I want to use rtorrent on a ftp server that I just built. The idea is that someone can drag a .torrent file to the /home/transfers/ folder and rtorrent to automatically begin downloading it to the same folder. I installed it using the daemon flag (echo "net-p2p/rtorrent daemon" >> /etc/portage/package.use and then the line emerge -av net-p2p/rtorrent) except I forgo the flag the first time so I had to go back and add it in. 

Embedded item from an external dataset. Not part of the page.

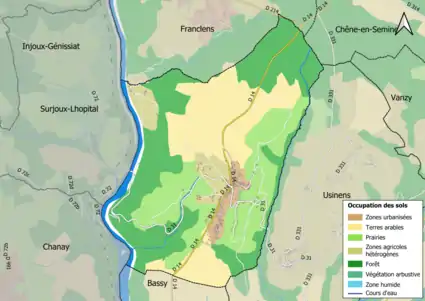 Carte en couleurs présentant l'occupation des sols.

My problem arises when I try to add rtorrent to the rc. It says "rtorrent not executable; skipping". I'm not sure what I did wrong. I manually made the rtorrent files in etc/init.d/rtorrent and /etc/conf.d/rtorrent (nano etc/init.d/rtorrent and nano  /etc/conf.d/rtorrent). Here's the content of each file:

rtorrent in conf.d:

# /etc/conf.d/rtorrent: config file for /etc/init.d/rtorrent

# Maximum and minimum number of peers to connect to per torrent.

min_peers = 40

max_peers = 100

# Same as above but for seeding completed torrents (-1 = same as downloading)

min_peers_seed = 10

max_peers_seed = 50

# Maximum number of simultanious uploads per torrent.

max_uploads = 10

# Global upload and download rate in KiB. "0" for unlimited.

download_rate = 0

upload_rate = 0

# Default directory to save the downloaded torrents.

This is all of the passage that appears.